As a practical, technical case study, we will examine serverless performance across a number of popular front-end UI frameworks and measure various metrics relevant to a serverless application.

Mastering UIs with Finite State Machines by Rubén Sospedra
Did you ever feel like monkey patching your UI component? Adding too many if/else, handling a lot of complexity or hacking several non-desired side effects. Did you ever have a problem with double-clicking an async button? Fetching multiple times the same resource in a row? Did you have problems translating UX interfaces and mock-ups into your applications scenes?
All this kind of problems can be properly fixed by applying a different point of view. An architecture based upon Mealy state machines. Also known as finite state machines or automatas. These machines are deterministic, pure and idempotents. Opening a new set of possibilities from predictable components to autogenerated tests.

Deciphering Brainwaves with the Web Audio API by Braden Moore
Early last year, my colleagues and I did something amazing — using only JavaScript, the browser, and the Web Audio API, we were able to decipher brainwaves. It sounds sensational, but it’s (mostly) true. This is a story about how we converted brainwaves into audio signals — and then back again — to solve the problem of epilepsy diagnosis on the web.
In this talk, you’ll get to see a new browser API being used in a novel and unprecedented way, combined with world-leading innovations in the field of epilepsy diagnosis. You’ll learn about the challenges of real-time brainwave filtering and how we solved them. As you’ll see, the technologies we use each day can sometimes be applied in unexpected ways.

A privacy first period tracker? Is it even possible? by Benedicte Raae
Do I want to track my cycles? Yes. Do I want the tracker to push my data to a third party? Hell NO! Do I want the data lying around unencrypted in a database somewhere? Not really. Do I want backup and access from multiple devices? Kinda.. What would I need to learn and is it even possible?
Learn how Benedicte created a secure and private web-based period tracker.

StrangerDanger: Finding Security Vulnerabilities Before They Find You! by Liran Tal
Open source modules on the NPM ecosystem are undoubtedly awesome. However, they also represent an undeniable and massive risk. You’re introducing someone else’s code into your system, often with little or no scrutiny. The wrong package can introduce severe vulnerabilities into your application, exposing your application and your user's data.
This talk will use a sample application, Goof, which uses various vulnerable dependencies, which we will exploit as an attacker would. For each issue, we'll explain why it happened, show its impact, and – most importantly – see how to avoid or fix it.

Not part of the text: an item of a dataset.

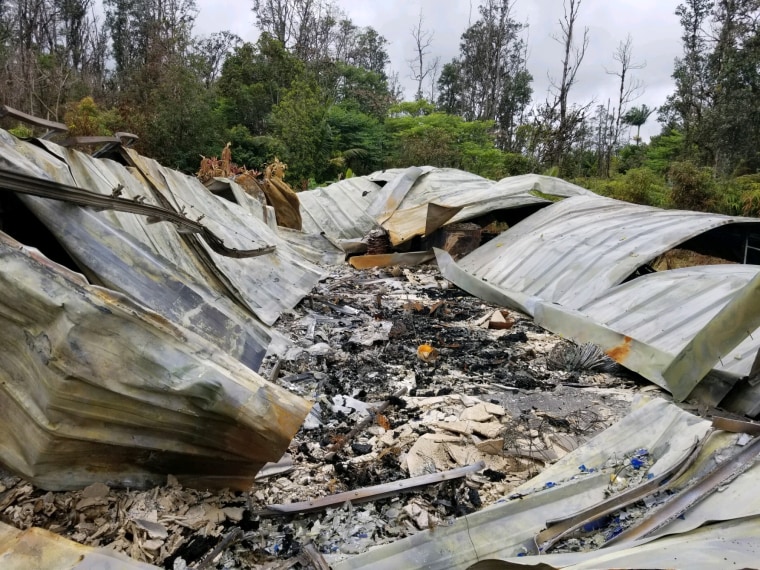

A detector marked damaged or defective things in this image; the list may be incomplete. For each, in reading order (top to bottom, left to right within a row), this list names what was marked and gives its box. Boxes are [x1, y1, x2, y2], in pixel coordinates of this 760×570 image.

rusted metal panel [0, 231, 312, 488]
charred debris pile [1, 116, 760, 568]
rust stain on metal [604, 336, 636, 362]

Testing presentation components visually by Balázs Korossy-Khayll
You have written all the unit tests, integration and e2e tests imaginable to your project, your code coverage is in the skies, you are sure that everything is in working order, your application is ready to ship. Or is it? Frontend developers often face the challenge that even a plethora of tests don’t cover visual differences, and while the functionality might be working and protected by tests, we don’t know much about the layout’s and visual styles’ correctness.
Writing unit tests or manual testing for visual styles is tiresome and error-prone, so at BlackRock we came up with a better solution. Using Storybook we have developed a way of comparing visual differences of the rendered images of our presentational components.